*Input*
-=-=-

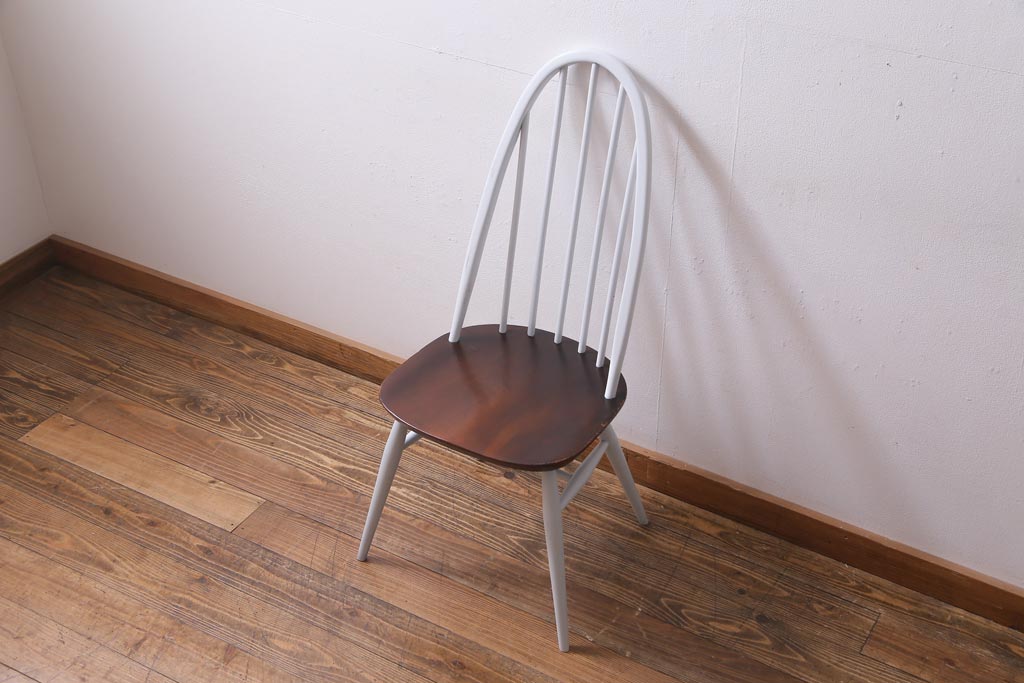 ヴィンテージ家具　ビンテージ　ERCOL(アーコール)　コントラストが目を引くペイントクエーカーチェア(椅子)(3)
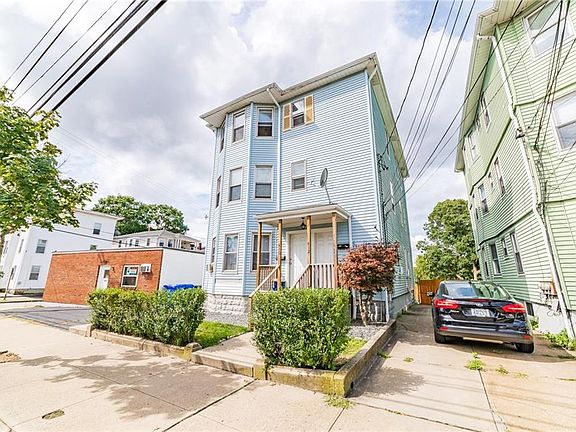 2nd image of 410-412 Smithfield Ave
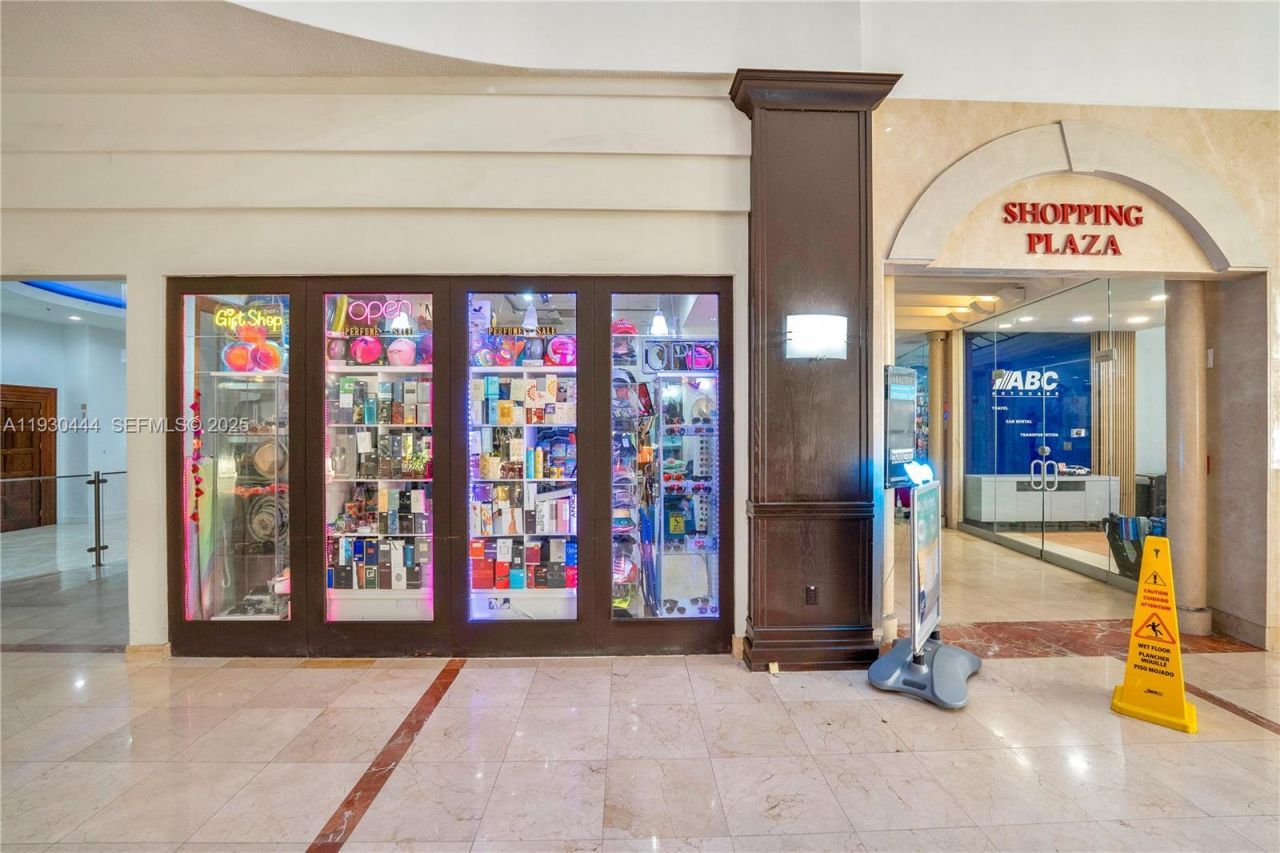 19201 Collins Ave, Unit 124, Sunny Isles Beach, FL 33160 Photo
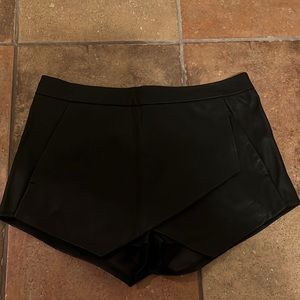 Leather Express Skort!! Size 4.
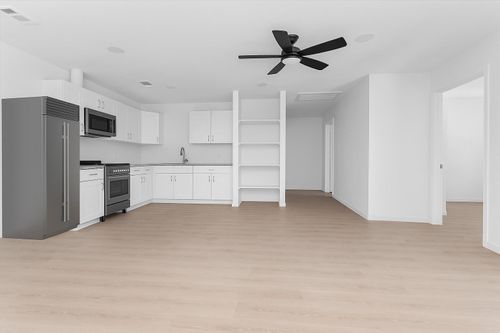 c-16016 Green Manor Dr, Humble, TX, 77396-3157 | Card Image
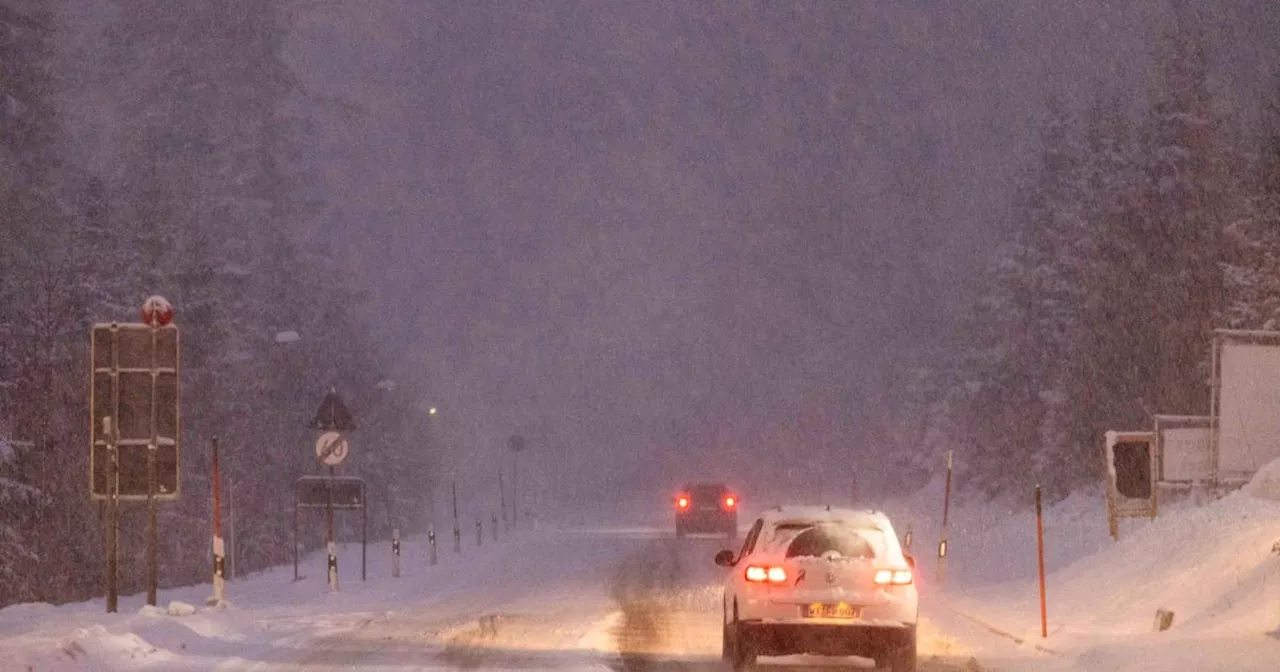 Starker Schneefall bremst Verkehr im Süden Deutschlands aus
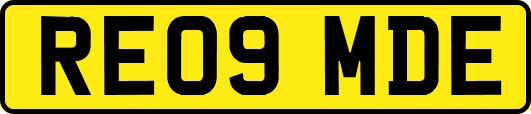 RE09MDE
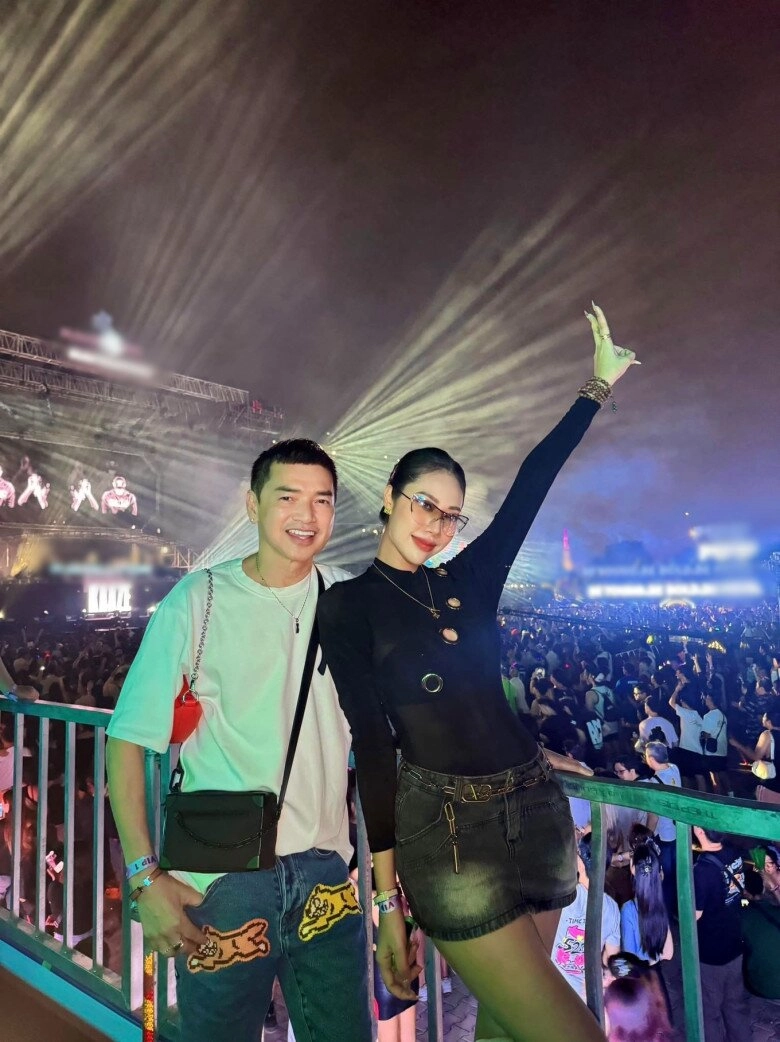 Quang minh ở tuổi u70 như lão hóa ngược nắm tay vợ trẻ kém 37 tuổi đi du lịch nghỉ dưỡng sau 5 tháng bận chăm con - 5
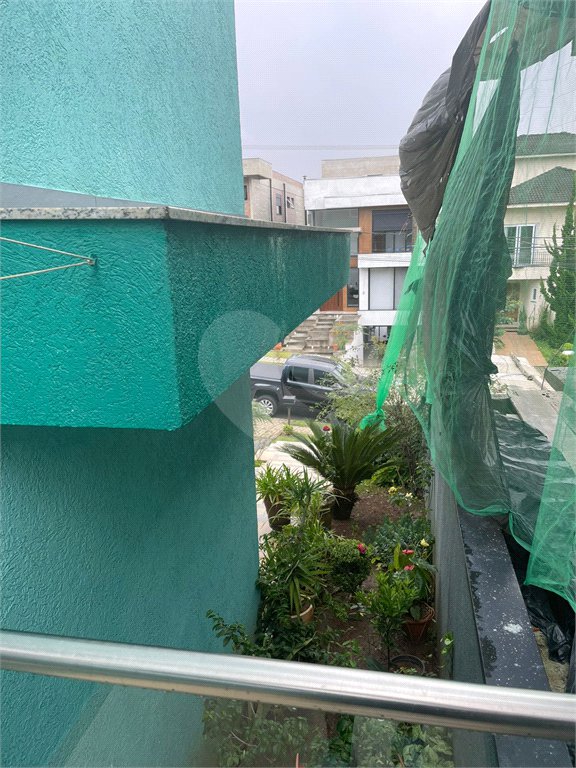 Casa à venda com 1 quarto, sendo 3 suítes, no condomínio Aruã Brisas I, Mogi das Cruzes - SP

-=-=-

Leaving out the pictures, please transcribe exactly the lines from the one that holds "Starker Schneefall bremst" through the last line of the entries above, both included.

 Starker Schneefall bremst Verkehr im Süden Deutschlands aus
 RE09MDE
 Quang minh ở tuổi u70 như lão hóa ngược nắm tay vợ trẻ kém 37 tuổi đi du lịch nghỉ dưỡng sau 5 tháng bận chăm con - 5
 Casa à venda com 1 quarto, sendo 3 suítes, no condomínio Aruã Brisas I, Mogi das Cruzes - SP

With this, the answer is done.